Understanding the role of the microbiome in inflammatory diseases requires the identification of microbial effector molecules. We established an approach to link disease-associated microbes to microbial metabolites by integrating paired metagenomics, stool and plasma metabolomics, and culturomics. We identified host-microbial interactions correlated with disease activity, inflammation, and the clinical course of ulcerative colitis (UC) in the Predicting Response to Standardized Colitis Therapy (PROTECT) pediatric inception cohort. In severe disease, metabolite changes included increased dipeptides and tauro-conjugated bile acids (BAs) and decreased amino-acid-conjugated BAs in stool, whereas in plasma polyamines (N-acetylputrescine and N1-acetylspermidine) increased. Using patient samples and Veillonella parvula as a model, we uncovered nitrate- and lactate-dependent metabolic pathways, experimentally linking V. parvula expansion to immunomodulatory tryptophan metabolite production. Additionally, V. parvula metabolizes immunosuppressive thiopurine drugs through xdhA xanthine dehydrogenase, potentially impairing the therapeutic response. Our findings demonstrate that the microbiome contributes to disease-associated metabolite changes, underscoring the importance of these interactions in disease pathology and treatment.

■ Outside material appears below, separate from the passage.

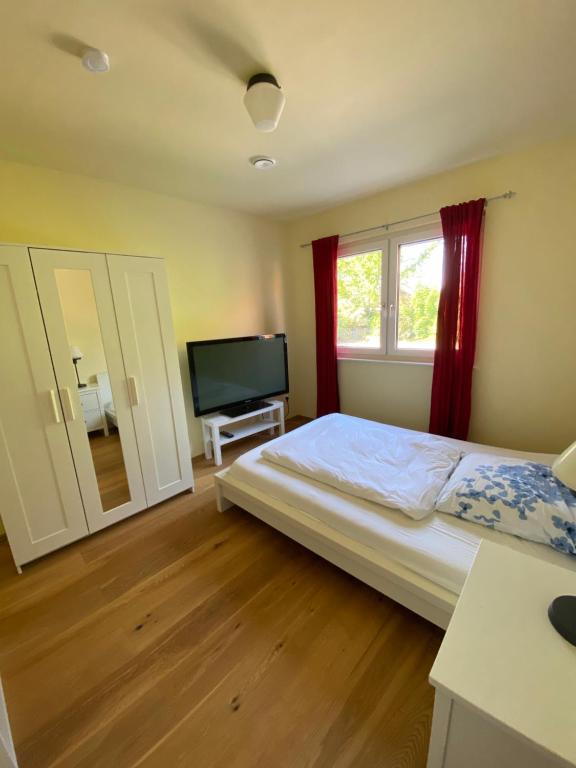 a bedroom with a bed and a flat screen tv at Schönes Privatzimmer Region Hannover in Springe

了解微生物组在炎症性疾病中的作用需要鉴定微生物效应分子。我们通过整合配对宏基因组学、粪便和血浆代谢组学以及培养组学，建立了一种将疾病相关微生物与微生物代谢物联系起来的方法。我们在预测标准化结肠炎治疗 (PROTECT) 儿科初始队列反应中确定了与疾病活动性、炎症和溃疡性结肠炎 (UC) 临床病程相关的宿主-微生物相互作用。在严重疾病中，代谢变化包括粪便中二肽和牛磺结合胆汁酸 (BA) 增加以及氨基酸结合胆汁酸 (BA) 减少，而血浆多胺（N-乙酰腐胺和 N1-乙酰亚精胺）增加。使用患者样本和小韦荣球菌作为模型，我们发现了硝酸盐和乳酸依赖性代谢途径，通过实验将小韦荣球菌的扩张与免疫调节色氨酸代谢物的产生联系起来。此外，V. parvula通过 xdhA 黄嘌呤脱氢酶代谢免疫抑制硫嘌呤药物，可能会损害治疗反应。我们的研究结果表明，微生物组有助于与疾病相关的代谢物变化，强调了这些相互作用在疾病病理学和治疗中的重要性。